C'est très tardivement que vous avez voulu nous enseigner quelque chose, trop tard, bien au-delà de l'âge où nous étions en disposition de recevoir vos leçons. Et puis, comme nous ne reconnaissons pas votre autorité morale, n'ayant point reçu de vous la preuve d'une incontestable et durable sagesse, nous avons dédaigné durement vos prétentions, vos conseils, vos insistances entachées d'un soupçon d'immixtion, ce qui vous a conservé une position de vexation et de caprices nécessaire à alimenter continuellement votre désœuvrement – c'est ainsi que, faute d'activité, vous vous plaisez à ressasser, maintenant toujours un litige, et même plusieurs, en suspens. Vous avez toujours été pour nous un problème et rarement une solution : le conflit typique que vous entretenez ou bien à l'encontre de notre conjoint, ou de notre style de vie, ou de l'éducation de nos fils, ou relativement à des questions d'argent, vous éloigne de notre sphère d'agrément, et nous savons comme nous jouons en votre présence faute de pouvoir vous admettre dans notre mentalité et d'avoir la plus petite chance de vous la faire comprendre. Une réunion de famille où vous êtes est toujours pour nous largement une façon de dissimulation, une posture : cet état d'esprit ne se retrouve pas entre frères et sœurs où nous sommes habituellement déliés et francs ; ce n'est qu'en votre compagnie que nous tâchons d'être complaisants, comme vis-à-vis de gens à la fois familiers et irresponsables. En réalité, nous vous épargnons toujours d'avoir vraiment à réfléchir et à raisonner : ce domaine où vous n'avez jamais pris l'habitude n'est décidément pas fait pour vous, vous vous y agaceriez, vous en tireriez des rancœurs, et nous y serions déçus.
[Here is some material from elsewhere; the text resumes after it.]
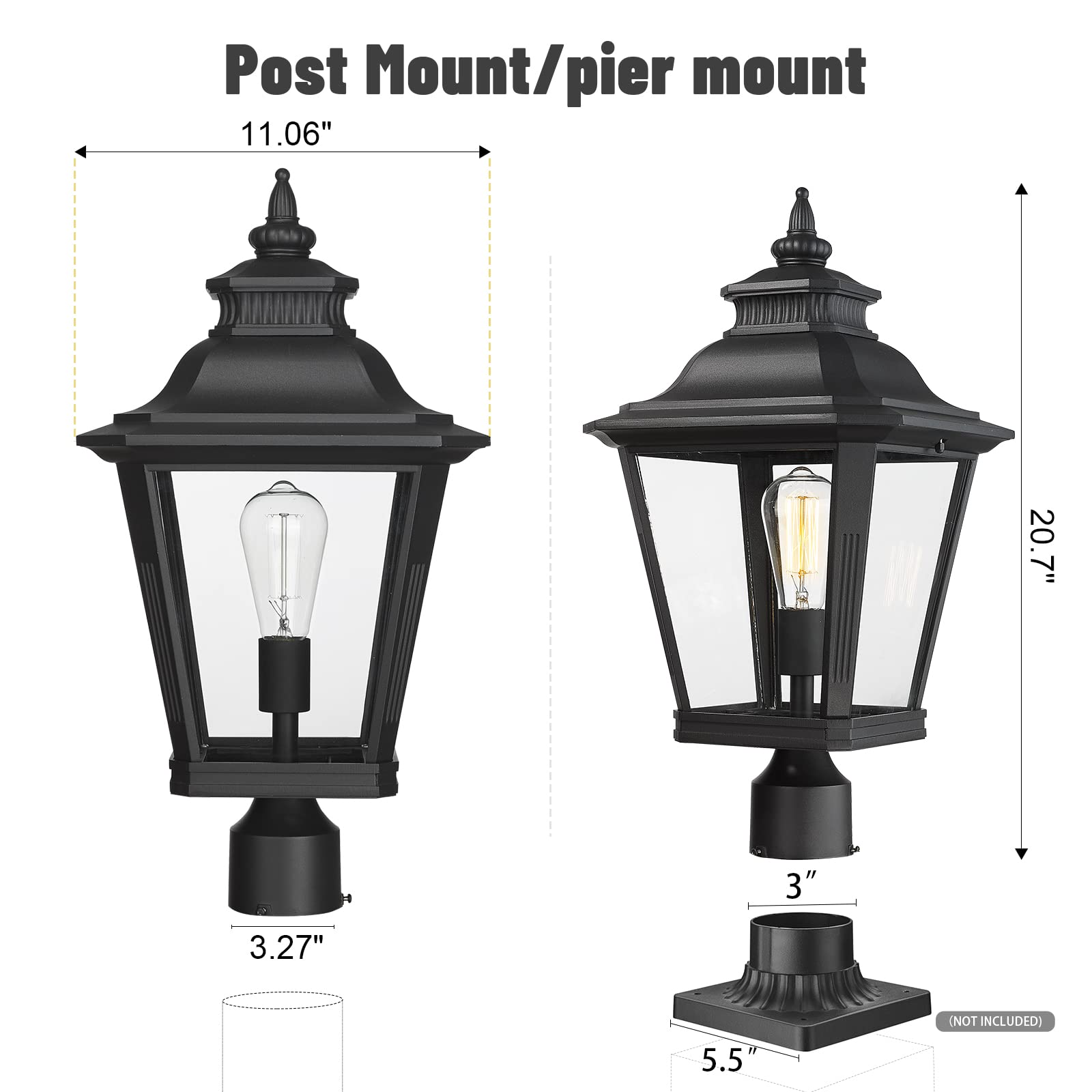 Luminzone 21'' Outdoor Post Light Fixture - Black Waterproof Aluminum For Pathway & Patio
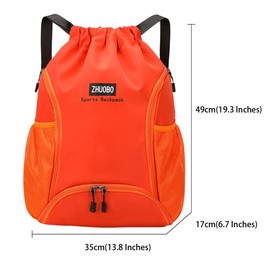 FAVORTALK Waterproof Swim Bag String Bag with Shoe Compartment Waterproof Drawstring Bag Large String Backpack for Girl Boys Women Drawstring Backpack for Sports Swimming Beach School, Orange D37516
Tout cela vous fait des grands-parents déconcertants, d'une cohérence trop rare : vous adoptez par alternance vis-à-vis de nos enfants des façons qu'on ne vous a jamais vues ou qu'on vous a trop connues, jamais rien au milieu. C'est que tantôt, comme vous n'avez plus le travail comme prétexte à vos duretés et négligences, vous consentez à réformer tendrement sur le tard vos vieux principes, vous donnez l'impression alors de regretter qui vous fûtes, vous contredisez par mignardises tout ce que vous avons subi d'intransigeance et de névrose ; et tantôt, quand nos enfants vous semblent redevenir un travail et vous importunent, vous les recouvrez d'agacement et votre ancienne rigidité impitoyable reprend sa tendance – et la limite de votre patience, quoique souvent imprévisible, est assez facile à atteindre. Ainsi, on vous voit tour à tour dépenser un argent surprenant et des attentions extrêmes pour nos enfants, et le lendemain vous arroger le droit que vous croyez que vous donne cette dépense pour nous faire des injonctions en matière d'éducation comme si vous aviez eu l'expérience de cela et que vous y connaissiez quelque chose. Généralement, autant que possible, nous tenons nos fils éloignés de votre emprise : nous ne voulons pas pour eux ce que vous fîtes pour nous, et c'est toujours à la fois avec exactitude et discrétion que nous les informons, d'une manière ou d'une autre, que ce qu'ils sont avec vous ne se prolongera pas en notre présence, manière de faire de vous des parenthèses et non des tuteurs.